Fast-forward ten years and the relationship between brands and their consumers has changed. Many brands have tried to create the magic of Sony’s 2005 ad, not least Sony itself, clinging on to past glories, but they are now subject to the judge and jury of social media. Moreover, they are competing with an explosion of content as 300 hours of video are uploaded to YouTube every minute. When Sylvester Stallone reprised Rocky by running up Bolton’s Town Hall steps for bakers Warburtons, images were all over the web months before the ad hit TV.
When once disgruntled customers might have to spend hours on the phone to a premium-rate helpline, they now have a free-to-access public soap box. “Before brands could hide behind walls of advertising and corporate communications,” says Tash Whitmey, the UK group chief executive of data agency Havas Helia, which works with Tesco and easyJet. “Now they can’t. The self-expression of people, and the speed with which populist culture is created, means that to be relevant, brands must be aware of and, where appropriate, be responsive.”
But just as the public has better opportunities to talk about brands that fall short, there are more opportunities for brands to speak directly with consumers. This works best when a brand is honest to its positioning and customers’ experience, whether that’s Yorkshire Tea or a kebab shop in London’s trendy Dalston. Yet it has its downsides. In September 2014, the US brand DiGiorno was widely criticised for joining in a hashtag being used by women to share reasons why they stayed in abusive relationships, to promote frozen pizza.
However, the way many marketers have been distracted by social media may belie what is happening on the ground. There may actually be no evidence that word of mouth and conversations have changed much at all. Despite what your favourite self-proclaimed digital marketing guru might tell you, research from the word of mouth specialists Keller Fay Group found less than 10 per cent of brand conversations happen online. The majority of conversations about brands continue to happen in the real world, just as they always have.
“The so-called ‘shift’ has been massively over-hyped,” claims Dr Byron Sharp, professor of marketing science at the University of South Australia. “First, marketers never had much power over consumers. Second, the world hasn’t changed much. The vast majority of word of mouth still occurs offline. And word of mouth about brands is still largely positive, not negative. People use social media to talk to their friends.
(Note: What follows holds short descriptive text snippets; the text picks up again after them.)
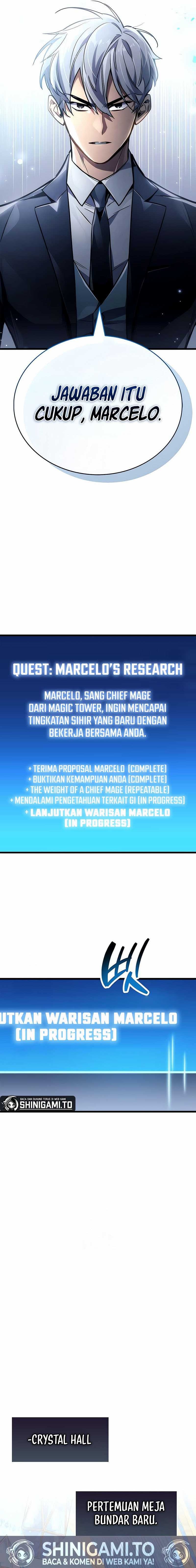 The Player Hides His Past Chapter 82 Halaman 10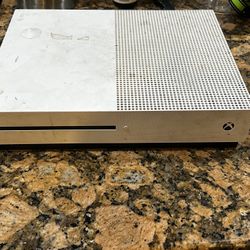 Xbox One S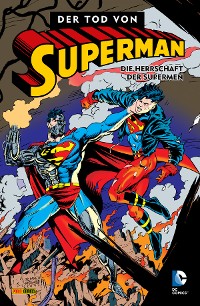 Cover Superman - Der Tod von Superman - Bd. 3: Die Herrschaft der Supermen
They rarely use it to engage with brands.”
Marketers can use the new information to improve products, fine-tune their marketing mix and, crucially, join up the customer experience
Mark Holden, the global strategy director at media agency PHD, which works with brands such as Sainsbury’s, Cadbury and Dove, agrees, saying “earned media” is “potent but insignificant”. Earned media – publicity or coverage generated without paying for ad space – might be two of three times more powerful than advertising, Mr Holden says, but it rarely reaches more than 0.1 per cent of a brand’s target market. “People do a lot of number-wanging, but is the price right and does it make you buy any more toothpaste?” he asks.
Even in days when brands could only speak to or at consumers through broadcast advertising, they were quickly discovered if people’s experience of their products did not match their marketing. But this is now even more important because of the sheer number of places people can interact with brands. Marketers can use the new information this new world brings to improve products, fine-tune their marketing mix and, crucially, join up the customer experience.
But Ms Whitmey questions whether this flood of data counts as a fundamental change. Moreover, she says the concept of “big data” needs to “disappear” for brands. She says there is “no such thing” as big data, but the idea has been “co-opted by the technology companies, consultants and agencies to get noticed”. Brands can become more powerful on the back of these new data sets, but their growth is finely balanced with consumers’ own muscle.
“Brands that view the world in terms of control and ownership will die,” Alex Naylor, director of marketing communications and digital engagement at Barclaycard, says. “Businesses never owned brands. They exist in people’s hearts and minds. Brands that seek to leverage the ever-evolving opportunities presented by technology to better serve and involve their customers will thrive.”